A project log for PEAC Pisano with End-Around Carry algorithm

Add X to Y and Y to X, says the song. And carry on.

Yann Guidon / YGDESYann Guidon / YGDES 08/20/2021 at 00:280 Comments

I broke the bank when I found a 2nd hand laptop with integrated RTX3070. The expected speedup could be around 2000 ! That brings the w32 computation in the 6 months ballpark.

Already, going from a 2nd Ger. 2-core/4-thread i7-2620M to a 10th gen i7-10750H  with 6 cores that can run even faster, this is a huge improvement. Having 12 threads at my disposal directly triples my usual throughput.

Unfortunately the RAM didn't scale so well, I'm still stuck to 16GB but it is claimed to be upgradeable well beyond that. When I have money. And DDR4 should be a bit faster than DDR3.

The dual SSD in RAID-0 is a nice and welcome touch.
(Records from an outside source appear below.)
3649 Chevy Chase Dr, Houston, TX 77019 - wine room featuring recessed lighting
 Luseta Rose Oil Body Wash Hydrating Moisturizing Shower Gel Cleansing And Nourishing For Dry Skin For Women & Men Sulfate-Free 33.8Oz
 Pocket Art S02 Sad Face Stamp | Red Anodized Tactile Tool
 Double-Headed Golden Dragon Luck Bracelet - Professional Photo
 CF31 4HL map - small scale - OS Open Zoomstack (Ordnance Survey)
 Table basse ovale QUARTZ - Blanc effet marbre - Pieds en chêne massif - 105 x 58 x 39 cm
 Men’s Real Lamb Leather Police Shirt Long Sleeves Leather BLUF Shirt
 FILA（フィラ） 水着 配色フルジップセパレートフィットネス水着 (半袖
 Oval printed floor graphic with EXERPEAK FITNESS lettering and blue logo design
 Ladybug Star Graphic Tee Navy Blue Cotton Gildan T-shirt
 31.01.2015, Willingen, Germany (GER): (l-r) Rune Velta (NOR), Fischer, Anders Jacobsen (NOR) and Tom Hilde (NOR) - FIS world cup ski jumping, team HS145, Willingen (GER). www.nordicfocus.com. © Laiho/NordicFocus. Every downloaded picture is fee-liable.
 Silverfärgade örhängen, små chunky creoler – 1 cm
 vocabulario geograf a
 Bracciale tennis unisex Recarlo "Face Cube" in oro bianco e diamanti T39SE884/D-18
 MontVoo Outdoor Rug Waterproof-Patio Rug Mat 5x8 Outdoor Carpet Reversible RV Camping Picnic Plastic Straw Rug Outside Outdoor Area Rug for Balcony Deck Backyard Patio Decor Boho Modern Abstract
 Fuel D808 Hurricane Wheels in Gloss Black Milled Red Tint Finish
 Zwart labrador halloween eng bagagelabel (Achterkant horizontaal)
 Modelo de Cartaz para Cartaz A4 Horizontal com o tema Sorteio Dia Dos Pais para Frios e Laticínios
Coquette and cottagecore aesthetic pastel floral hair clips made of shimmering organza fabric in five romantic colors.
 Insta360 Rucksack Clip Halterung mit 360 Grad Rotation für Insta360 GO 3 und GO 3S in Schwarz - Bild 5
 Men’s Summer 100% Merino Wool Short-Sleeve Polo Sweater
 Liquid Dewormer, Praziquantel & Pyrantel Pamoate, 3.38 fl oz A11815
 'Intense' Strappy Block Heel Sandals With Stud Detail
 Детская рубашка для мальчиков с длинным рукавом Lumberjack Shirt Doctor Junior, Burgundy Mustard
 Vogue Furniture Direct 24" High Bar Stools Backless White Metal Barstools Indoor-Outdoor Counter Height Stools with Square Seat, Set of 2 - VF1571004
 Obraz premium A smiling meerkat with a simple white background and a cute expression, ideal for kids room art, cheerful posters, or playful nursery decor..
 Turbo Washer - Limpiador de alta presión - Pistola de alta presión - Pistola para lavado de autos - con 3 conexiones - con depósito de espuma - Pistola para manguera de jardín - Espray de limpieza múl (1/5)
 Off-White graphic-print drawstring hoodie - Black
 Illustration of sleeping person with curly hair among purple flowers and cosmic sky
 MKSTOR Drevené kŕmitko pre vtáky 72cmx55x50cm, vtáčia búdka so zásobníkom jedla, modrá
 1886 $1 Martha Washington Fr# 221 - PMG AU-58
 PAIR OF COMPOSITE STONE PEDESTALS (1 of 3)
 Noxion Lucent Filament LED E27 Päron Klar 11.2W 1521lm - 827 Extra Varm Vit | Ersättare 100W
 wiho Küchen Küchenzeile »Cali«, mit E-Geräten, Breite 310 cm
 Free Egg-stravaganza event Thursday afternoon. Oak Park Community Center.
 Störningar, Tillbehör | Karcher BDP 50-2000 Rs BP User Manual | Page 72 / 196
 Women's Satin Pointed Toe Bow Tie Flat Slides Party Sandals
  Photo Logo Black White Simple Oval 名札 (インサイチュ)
This will help a LOT for FPGA synthesis. The 12MB L3 cache will also help on that application.

The king of the show, though, is the onboard RTX 3070 with 8GB of dedicated GDDR6. Its power totally dwarves everything else in my proximity, in a sleek laptop format...

The 5888 CUDA cores run at 1.7GHz, letting me expect a peak 10 tera adds per second. That's about 2^43/s. For comparison, the bidirectional scan can compute 630M loops per second, in the order of 2^29. That's a jump of 2^14, though I have no working code at the moment but it gives a good idea of the insane speedup.

From there, I don't see how I'll be able to get even better performance. To even double that, I'd have to buy another similar system. That's not interesting. Maybe rent a bitcoin mining rig or something like that. But for now, this totally blows the other approaches and I'm going to shelf the FPGA and RPi projects for now. The PolarFire FPGA is at least 10 times slower and could swallow w26 in maybe 6 hours, while the RTX will be finished in 20 to 30 minutes.

The most significant factor for performance will be the efficiency of the code. I'll have to dig into the CUDA specs and tools. That will make the difference between 2 and 3 months of computation.

The problem will be the operating system. I don't know if/how I'll be able to dual-boot it. I need the W10 to run the FPGA/EDA tools but I also need a bare Linux for the rest.